UNITED STATES DISTRICT COURT FOR THE WESTERN DISTRICT OF VIRGINIA ROANOKE DIVISION
Nov 12, 2013
Civil Action No. 7:13-cv-00244 (W.D. Va. Nov. 12, 2013)

Opinion

Civil Action No. 7:13-cv-00244

11-12-2013

MICHAEL A. MCCLANAHAN, Petitioner, v. DIRECTOR OF THE DEPARTMENT OF CORRECTIONS, Respondent.


MEMORANDUM OPINION


By: Hon. Jackson L. Kiser

Senior United States District Judge

Michael A. McClanahan, a Virginia inmate proceeding pro se, filed a petition for a writ of habeas corpus, pursuant to 28 U.S.C. § 2254. Respondent filed a motion to dismiss, and Petitioner responded, making the matter ripe for disposition. After reviewing the record, I grant Respondent's motion to dismiss because Petitioner procedurally defaulted his claims.

I.

A grand jury charged Petitioner with committing two felonies: a fourth or subsequent DUI within ten years, in violation of Virginia Code § 18.2-266 ("Count One"), and driving a vehicle while deprived of a license three times within ten years for DUI convictions, in violation of Virginia Code § 18.2-272(A) ("Count Two"). The Commonwealth amended Count Two to charge Petitioner with driving on a license forfeited for DUI for a third time, in violation of Virginia Code § 46.2-391 ("Amended Count Two"). A jury found Petitioner guilty of Count One and Amended Count Two (collectively, "Crimes").

While a direct appeal was pending with the Court of Appeals of Virginia, Petitioner filed his first state habeas petition with the Circuit Court, which dismissed the petition as procedurally barred under Slayton v. Parrigan, 215 Va. 27, 305 S.E.2d 680 (1974). Petitioner did not appeal the dismissal to the Supreme Court of Virginia.

All of Petitioner's state habeas filings were pro se.

Slayton precludes a Virginia court from reviewing a non-jurisdictional claim in a petition for a writ of habeas corpus when that claim could have been presented at trial and on appeal but was not.

Petitioner subsequently filed a second state habeas petition with the Circuit Court, and while that petition was pending, Petitioner filed a third state habeas petition with the Supreme Court of Virginia. Ultimately, the Circuit Court dismissed the second state habeas petition as procedurally defaulted, and the Supreme Court of Virginia dismissed the third state habeas petition as successive and also refused the appeal of the second state habeas petition.
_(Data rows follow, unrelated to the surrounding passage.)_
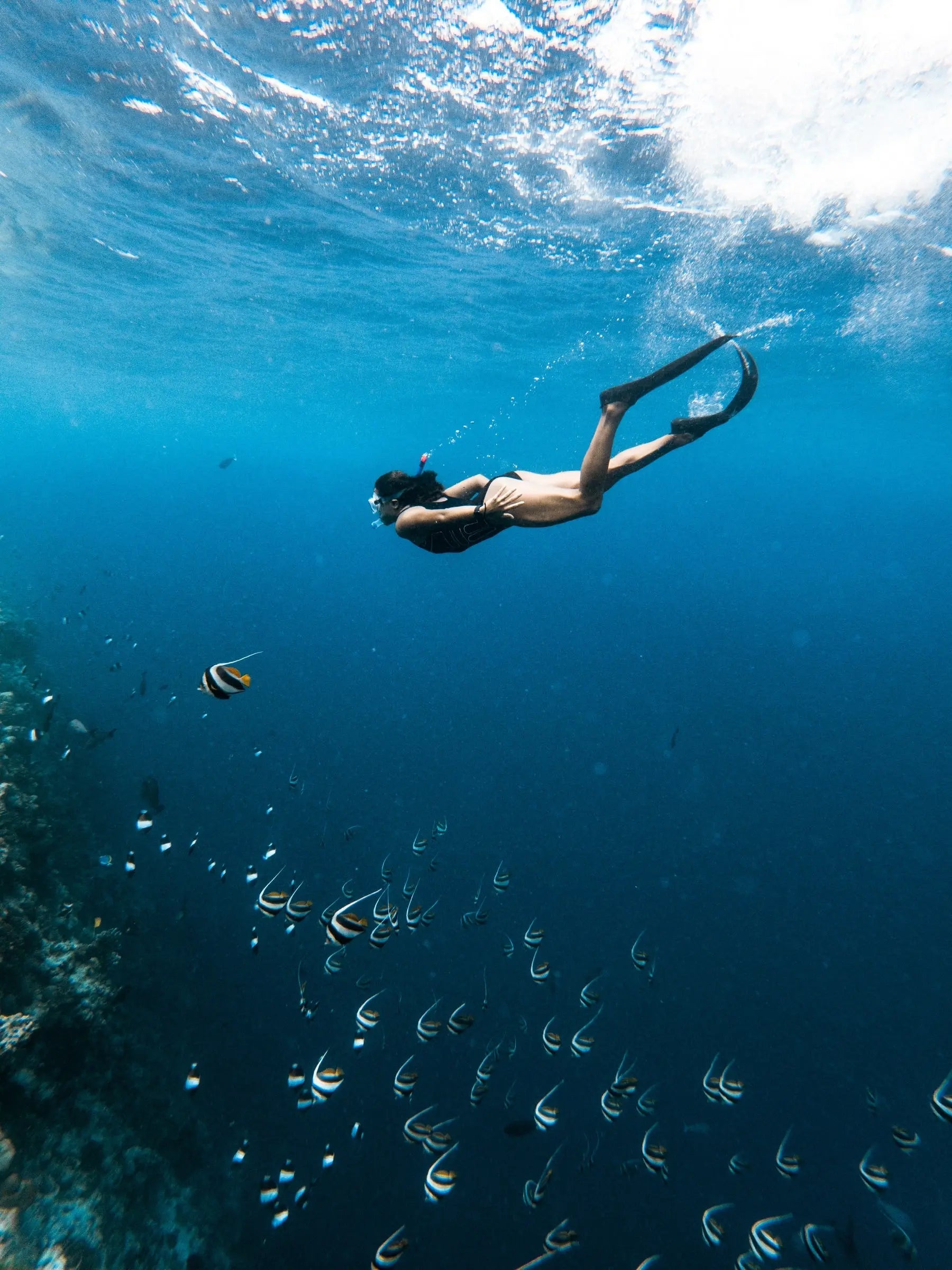 Freediver swimming with tropical fish over the reef while snorkeling near San José del Cabo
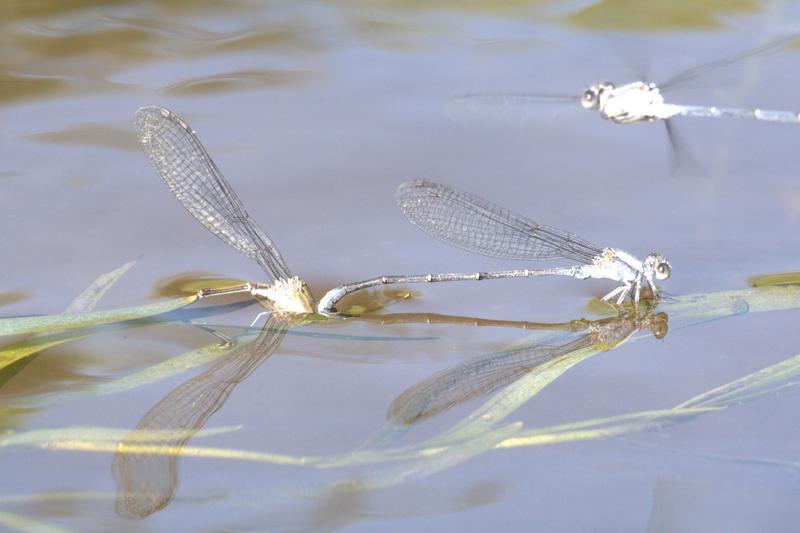 Photo of Powdered Dancer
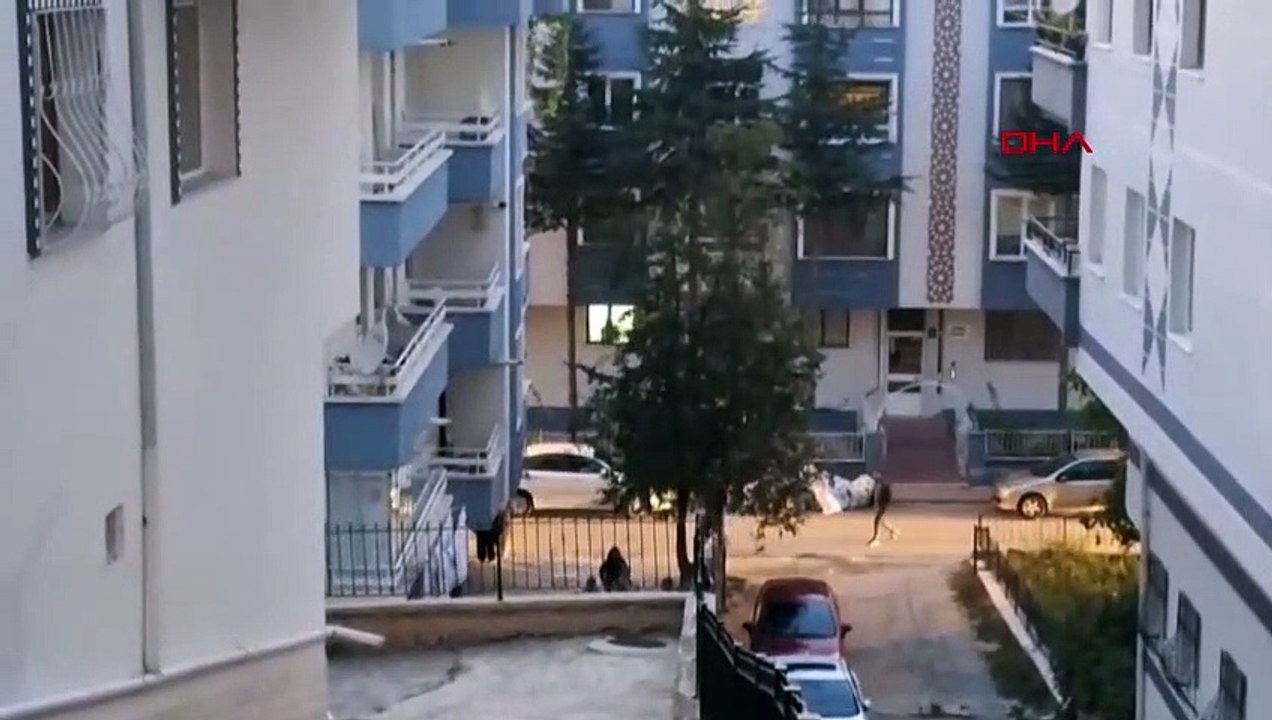 Elle a tué sa mère, qui ne voulait pas qu'elle rencontre son petit ami, et s'est suicidée.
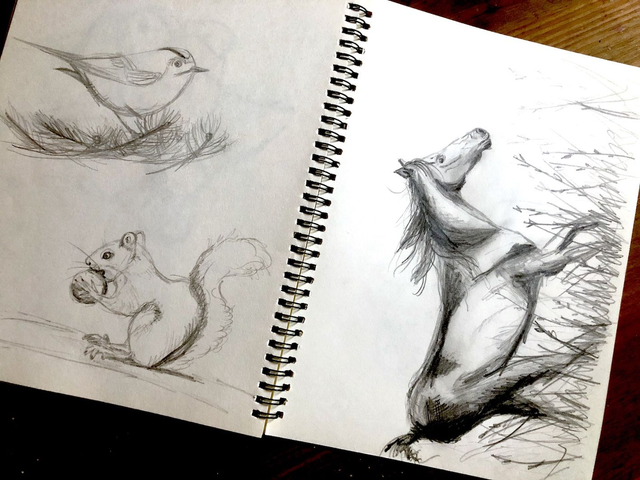 01- 10/01/26 Learn how to draw animals for adults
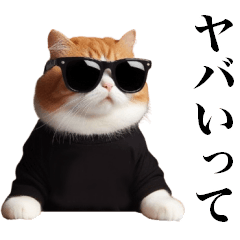 [LINEスタンプ] 危機感ねこ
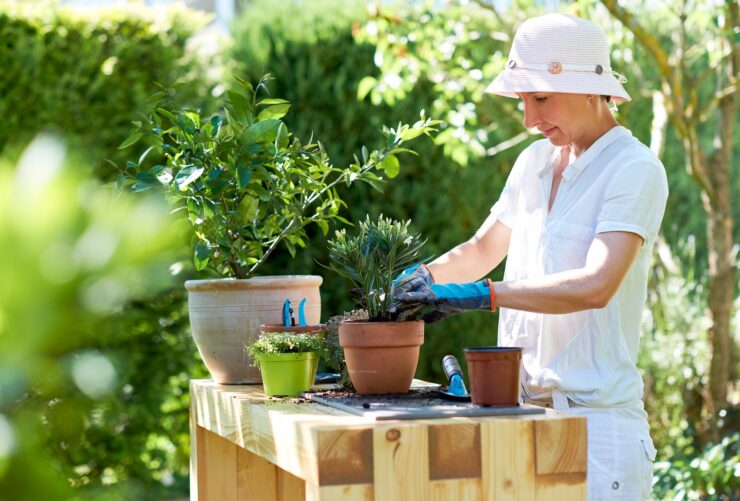 Woman potting oleander at table in garden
Specifically, the Circuit Court dismissed all but one claim of ineffective assistance of counsel as barred by Slayton v. Parrigan, 215 Va. 27, 305 S.E.2d 680 (1974), and dismissed all claims, including the one ineffective assistance of counsel claim, as successive, pursuant to Virginia Code § 8.01-654(B)(2).

The Supreme Court of Virginia also denied a petition for rehearing in each proceeding.

Petitioner argues five main claims in the instant federal habeas petition:

I note that Petitioner cannot hint at new claims for habeas relief in a response to a motion to dismiss and expect a court to make Petitioner's case for him. See, e.g., Rule 2(c)(1) of the Rules Governing § 2254 Cases (requiring all bases for habeas relief to be presented in the petition); United States v. Dunkel, 927 F.2d 955, 956 (7th Cir. 1991) ("Judges are not like pigs, hunting for truffles buried in briefs.").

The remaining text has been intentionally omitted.